-- RECORDS FOR THE EXERCISE follows --

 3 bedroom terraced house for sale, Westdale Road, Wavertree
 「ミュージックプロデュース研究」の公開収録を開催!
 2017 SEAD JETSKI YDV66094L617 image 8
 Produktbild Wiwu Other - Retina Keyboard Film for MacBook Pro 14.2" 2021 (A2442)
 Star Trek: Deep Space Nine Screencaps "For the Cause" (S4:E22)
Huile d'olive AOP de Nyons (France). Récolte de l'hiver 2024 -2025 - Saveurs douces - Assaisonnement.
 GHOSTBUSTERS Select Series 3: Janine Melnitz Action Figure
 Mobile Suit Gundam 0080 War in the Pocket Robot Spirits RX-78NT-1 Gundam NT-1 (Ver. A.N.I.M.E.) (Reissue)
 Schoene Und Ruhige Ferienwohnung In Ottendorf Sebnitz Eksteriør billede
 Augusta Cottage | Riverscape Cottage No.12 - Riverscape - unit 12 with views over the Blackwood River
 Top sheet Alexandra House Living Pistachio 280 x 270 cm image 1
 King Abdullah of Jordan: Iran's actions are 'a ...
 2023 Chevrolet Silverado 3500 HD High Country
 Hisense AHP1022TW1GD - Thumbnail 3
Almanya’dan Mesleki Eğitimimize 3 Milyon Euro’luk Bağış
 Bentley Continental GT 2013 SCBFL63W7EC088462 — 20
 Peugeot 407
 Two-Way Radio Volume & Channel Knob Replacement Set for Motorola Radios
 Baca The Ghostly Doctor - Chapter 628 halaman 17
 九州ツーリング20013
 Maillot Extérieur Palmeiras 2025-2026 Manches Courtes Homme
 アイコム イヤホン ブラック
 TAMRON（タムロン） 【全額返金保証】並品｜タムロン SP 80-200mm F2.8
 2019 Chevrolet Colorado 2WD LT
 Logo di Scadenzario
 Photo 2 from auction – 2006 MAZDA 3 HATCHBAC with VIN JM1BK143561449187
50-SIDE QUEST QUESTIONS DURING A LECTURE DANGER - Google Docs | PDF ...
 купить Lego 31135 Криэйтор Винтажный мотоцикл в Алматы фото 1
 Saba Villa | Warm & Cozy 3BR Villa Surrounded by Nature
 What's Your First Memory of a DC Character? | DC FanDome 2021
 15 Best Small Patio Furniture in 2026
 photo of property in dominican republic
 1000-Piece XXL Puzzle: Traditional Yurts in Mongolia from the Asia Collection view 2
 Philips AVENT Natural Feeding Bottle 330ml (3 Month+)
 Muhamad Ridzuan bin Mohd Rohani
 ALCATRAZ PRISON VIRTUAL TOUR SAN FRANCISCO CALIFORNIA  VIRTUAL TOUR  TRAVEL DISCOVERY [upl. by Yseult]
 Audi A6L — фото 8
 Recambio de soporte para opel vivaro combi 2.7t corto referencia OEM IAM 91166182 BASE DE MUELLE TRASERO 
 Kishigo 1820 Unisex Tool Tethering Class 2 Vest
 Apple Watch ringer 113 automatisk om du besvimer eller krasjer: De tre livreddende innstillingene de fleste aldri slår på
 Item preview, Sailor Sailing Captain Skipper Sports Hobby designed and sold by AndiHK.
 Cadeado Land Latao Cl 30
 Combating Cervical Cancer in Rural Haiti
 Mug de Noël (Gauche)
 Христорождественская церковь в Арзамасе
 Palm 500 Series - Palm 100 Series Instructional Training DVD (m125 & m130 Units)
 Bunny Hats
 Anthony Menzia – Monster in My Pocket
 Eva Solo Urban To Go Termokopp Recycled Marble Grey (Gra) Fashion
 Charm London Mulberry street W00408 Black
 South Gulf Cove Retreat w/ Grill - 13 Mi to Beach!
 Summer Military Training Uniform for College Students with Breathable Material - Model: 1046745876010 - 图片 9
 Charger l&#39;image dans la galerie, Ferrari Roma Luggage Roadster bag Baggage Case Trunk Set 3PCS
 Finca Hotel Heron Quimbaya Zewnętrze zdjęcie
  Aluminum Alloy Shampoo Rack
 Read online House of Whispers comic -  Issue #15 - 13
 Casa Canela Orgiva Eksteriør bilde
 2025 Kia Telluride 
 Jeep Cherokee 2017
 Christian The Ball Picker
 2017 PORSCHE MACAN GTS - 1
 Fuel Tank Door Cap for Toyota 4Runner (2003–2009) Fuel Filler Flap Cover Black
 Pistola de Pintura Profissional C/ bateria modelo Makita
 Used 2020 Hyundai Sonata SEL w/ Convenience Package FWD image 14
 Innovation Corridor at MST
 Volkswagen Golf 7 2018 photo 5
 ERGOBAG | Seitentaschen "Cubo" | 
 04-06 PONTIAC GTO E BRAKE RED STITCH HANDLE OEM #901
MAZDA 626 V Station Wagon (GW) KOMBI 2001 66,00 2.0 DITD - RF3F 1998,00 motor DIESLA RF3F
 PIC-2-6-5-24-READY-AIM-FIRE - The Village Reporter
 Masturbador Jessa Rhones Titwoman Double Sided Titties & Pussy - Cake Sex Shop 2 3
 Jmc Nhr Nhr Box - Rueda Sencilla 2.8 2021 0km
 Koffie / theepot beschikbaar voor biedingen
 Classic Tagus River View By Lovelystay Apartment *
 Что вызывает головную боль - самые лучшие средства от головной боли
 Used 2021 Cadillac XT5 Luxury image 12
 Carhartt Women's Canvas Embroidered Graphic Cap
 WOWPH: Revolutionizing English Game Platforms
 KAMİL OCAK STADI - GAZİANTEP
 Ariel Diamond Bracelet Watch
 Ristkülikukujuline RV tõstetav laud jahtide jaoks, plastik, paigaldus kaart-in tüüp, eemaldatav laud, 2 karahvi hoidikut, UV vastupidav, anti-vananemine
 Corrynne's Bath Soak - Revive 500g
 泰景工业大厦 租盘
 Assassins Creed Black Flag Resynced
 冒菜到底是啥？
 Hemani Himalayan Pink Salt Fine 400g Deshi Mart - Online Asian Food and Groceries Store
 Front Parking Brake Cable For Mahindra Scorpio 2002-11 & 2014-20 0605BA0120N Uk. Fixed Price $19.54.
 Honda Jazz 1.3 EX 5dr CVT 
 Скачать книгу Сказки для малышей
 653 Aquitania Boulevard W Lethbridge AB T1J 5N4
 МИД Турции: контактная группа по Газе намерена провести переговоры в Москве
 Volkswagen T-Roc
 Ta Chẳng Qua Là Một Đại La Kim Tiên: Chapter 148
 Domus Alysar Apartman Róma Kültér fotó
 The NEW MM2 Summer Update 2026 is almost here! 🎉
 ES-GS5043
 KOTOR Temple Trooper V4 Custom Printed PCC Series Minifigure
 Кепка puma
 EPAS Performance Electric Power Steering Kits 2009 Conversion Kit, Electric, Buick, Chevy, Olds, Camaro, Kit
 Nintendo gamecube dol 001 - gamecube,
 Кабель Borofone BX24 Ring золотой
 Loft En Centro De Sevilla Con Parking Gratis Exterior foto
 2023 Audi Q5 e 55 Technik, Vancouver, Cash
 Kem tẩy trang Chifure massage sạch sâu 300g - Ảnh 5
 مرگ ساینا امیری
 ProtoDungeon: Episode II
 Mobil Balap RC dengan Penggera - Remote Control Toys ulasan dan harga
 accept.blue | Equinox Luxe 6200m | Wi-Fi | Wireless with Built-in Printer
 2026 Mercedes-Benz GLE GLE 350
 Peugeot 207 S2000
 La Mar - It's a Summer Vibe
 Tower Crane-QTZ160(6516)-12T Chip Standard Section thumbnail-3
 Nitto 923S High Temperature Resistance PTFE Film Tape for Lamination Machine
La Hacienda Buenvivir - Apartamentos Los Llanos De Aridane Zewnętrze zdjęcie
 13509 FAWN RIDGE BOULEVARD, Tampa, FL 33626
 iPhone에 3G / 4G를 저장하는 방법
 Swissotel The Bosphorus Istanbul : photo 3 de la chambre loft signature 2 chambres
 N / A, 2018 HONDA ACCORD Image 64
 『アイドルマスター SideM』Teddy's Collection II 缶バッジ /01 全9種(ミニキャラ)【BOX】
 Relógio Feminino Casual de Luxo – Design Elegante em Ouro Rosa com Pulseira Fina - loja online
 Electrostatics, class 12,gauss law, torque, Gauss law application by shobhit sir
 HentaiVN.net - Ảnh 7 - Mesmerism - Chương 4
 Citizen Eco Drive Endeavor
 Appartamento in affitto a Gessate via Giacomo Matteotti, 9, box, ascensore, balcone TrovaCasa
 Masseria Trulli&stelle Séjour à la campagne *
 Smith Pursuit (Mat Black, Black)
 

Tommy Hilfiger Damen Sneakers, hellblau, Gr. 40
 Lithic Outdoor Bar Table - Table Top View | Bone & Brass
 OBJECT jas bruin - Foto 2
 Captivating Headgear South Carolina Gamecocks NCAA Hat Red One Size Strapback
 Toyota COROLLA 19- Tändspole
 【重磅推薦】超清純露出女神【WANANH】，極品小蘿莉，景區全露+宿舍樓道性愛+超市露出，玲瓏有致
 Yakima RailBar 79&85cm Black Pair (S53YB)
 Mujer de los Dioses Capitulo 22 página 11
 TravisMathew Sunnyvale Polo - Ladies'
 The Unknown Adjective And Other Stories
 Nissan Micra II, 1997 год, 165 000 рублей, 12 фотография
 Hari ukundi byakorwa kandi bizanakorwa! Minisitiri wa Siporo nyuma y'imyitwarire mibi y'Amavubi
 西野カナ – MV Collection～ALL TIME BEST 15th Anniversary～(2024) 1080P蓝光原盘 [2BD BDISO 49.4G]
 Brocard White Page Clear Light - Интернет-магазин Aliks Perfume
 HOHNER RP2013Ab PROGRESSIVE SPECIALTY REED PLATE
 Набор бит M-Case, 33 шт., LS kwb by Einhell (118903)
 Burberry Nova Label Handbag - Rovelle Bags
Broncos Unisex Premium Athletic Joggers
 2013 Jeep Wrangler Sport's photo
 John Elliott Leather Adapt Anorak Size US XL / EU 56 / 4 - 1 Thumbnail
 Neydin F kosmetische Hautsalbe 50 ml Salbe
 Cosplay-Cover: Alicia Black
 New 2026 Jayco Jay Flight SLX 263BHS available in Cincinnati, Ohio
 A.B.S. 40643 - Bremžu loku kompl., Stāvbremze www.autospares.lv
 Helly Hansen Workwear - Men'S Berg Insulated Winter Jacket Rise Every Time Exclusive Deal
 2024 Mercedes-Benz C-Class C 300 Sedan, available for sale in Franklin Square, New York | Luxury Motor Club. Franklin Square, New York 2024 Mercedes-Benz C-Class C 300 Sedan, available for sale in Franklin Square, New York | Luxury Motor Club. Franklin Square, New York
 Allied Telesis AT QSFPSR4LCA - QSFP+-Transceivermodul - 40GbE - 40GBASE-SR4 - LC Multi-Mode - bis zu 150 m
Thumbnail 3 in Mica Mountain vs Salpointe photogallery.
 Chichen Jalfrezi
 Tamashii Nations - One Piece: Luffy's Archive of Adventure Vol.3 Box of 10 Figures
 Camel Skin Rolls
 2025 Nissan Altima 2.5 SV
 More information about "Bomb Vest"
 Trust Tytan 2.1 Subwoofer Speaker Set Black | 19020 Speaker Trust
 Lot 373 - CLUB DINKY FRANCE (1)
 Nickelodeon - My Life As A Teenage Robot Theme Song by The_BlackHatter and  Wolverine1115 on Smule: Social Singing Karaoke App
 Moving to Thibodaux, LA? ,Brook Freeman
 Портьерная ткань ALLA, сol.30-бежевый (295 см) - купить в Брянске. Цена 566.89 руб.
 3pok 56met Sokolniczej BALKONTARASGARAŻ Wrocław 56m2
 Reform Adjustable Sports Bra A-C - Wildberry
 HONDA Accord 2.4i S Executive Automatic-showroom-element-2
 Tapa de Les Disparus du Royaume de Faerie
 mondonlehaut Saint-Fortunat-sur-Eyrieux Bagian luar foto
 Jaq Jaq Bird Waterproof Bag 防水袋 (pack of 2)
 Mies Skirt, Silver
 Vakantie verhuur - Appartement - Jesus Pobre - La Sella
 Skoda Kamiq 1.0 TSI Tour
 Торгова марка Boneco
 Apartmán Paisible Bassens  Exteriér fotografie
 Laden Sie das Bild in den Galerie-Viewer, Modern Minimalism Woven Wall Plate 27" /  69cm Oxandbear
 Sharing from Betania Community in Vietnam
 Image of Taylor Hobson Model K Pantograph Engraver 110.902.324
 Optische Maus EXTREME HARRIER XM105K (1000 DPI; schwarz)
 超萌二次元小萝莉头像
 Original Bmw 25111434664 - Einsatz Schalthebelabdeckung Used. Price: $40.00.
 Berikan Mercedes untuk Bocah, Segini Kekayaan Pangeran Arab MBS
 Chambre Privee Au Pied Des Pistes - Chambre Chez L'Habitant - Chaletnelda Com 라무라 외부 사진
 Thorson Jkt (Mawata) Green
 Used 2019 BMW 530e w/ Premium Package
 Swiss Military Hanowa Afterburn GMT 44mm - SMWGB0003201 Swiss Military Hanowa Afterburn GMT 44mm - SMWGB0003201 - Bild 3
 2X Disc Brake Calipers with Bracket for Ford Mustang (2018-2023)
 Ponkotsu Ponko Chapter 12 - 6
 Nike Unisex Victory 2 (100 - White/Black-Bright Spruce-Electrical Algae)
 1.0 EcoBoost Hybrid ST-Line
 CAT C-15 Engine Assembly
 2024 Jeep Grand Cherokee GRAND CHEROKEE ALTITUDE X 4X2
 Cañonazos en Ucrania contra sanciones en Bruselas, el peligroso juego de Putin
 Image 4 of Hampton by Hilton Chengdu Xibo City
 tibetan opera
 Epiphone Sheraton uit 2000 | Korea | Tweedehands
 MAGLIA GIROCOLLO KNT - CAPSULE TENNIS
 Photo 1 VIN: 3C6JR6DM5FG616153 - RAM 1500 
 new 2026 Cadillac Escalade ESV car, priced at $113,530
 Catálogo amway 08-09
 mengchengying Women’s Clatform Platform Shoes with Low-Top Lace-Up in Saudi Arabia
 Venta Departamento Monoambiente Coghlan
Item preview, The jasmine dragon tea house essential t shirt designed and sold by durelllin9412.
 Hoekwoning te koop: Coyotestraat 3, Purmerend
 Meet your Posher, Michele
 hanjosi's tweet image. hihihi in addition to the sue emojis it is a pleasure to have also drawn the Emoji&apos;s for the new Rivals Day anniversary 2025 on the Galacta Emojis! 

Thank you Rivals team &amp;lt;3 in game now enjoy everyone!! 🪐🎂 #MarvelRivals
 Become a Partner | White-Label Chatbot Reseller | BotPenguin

-- RECORDS FOR THE EXERCISE concluded --

YOUR ASSIGNMENT
Beginning at the line with "TravisMathew Sunnyvale Polo - Ladies'" and stopping after the line with "New York 2024", please write out every line of the data above exactly and nothing else.

OUTPUT FOR THIS TASK
 TravisMathew Sunnyvale Polo - Ladies'
 The Unknown Adjective And Other Stories
 Nissan Micra II, 1997 год, 165 000 рублей, 12 фотография
 Hari ukundi byakorwa kandi bizanakorwa! Minisitiri wa Siporo nyuma y'imyitwarire mibi y'Amavubi
 西野カナ – MV Collection～ALL TIME BEST 15th Anniversary～(2024) 1080P蓝光原盘 [2BD BDISO 49.4G]
 Brocard White Page Clear Light - Интернет-магазин Aliks Perfume
 HOHNER RP2013Ab PROGRESSIVE SPECIALTY REED PLATE
 Набор бит M-Case, 33 шт., LS kwb by Einhell (118903)
 Burberry Nova Label Handbag - Rovelle Bags
Broncos Unisex Premium Athletic Joggers
 2013 Jeep Wrangler Sport's photo
 John Elliott Leather Adapt Anorak Size US XL / EU 56 / 4 - 1 Thumbnail
 Neydin F kosmetische Hautsalbe 50 ml Salbe
 Cosplay-Cover: Alicia Black
 New 2026 Jayco Jay Flight SLX 263BHS available in Cincinnati, Ohio
 A.B.S. 40643 - Bremžu loku kompl., Stāvbremze www.autospares.lv
 Helly Hansen Workwear - Men'S Berg Insulated Winter Jacket Rise Every Time Exclusive Deal
 2024 Mercedes-Benz C-Class C 300 Sedan, available for sale in Franklin Square, New York | Luxury Motor Club. Franklin Square, New York 2024 Mercedes-Benz C-Class C 300 Sedan, available for sale in Franklin Square, New York | Luxury Motor Club. Franklin Square, New York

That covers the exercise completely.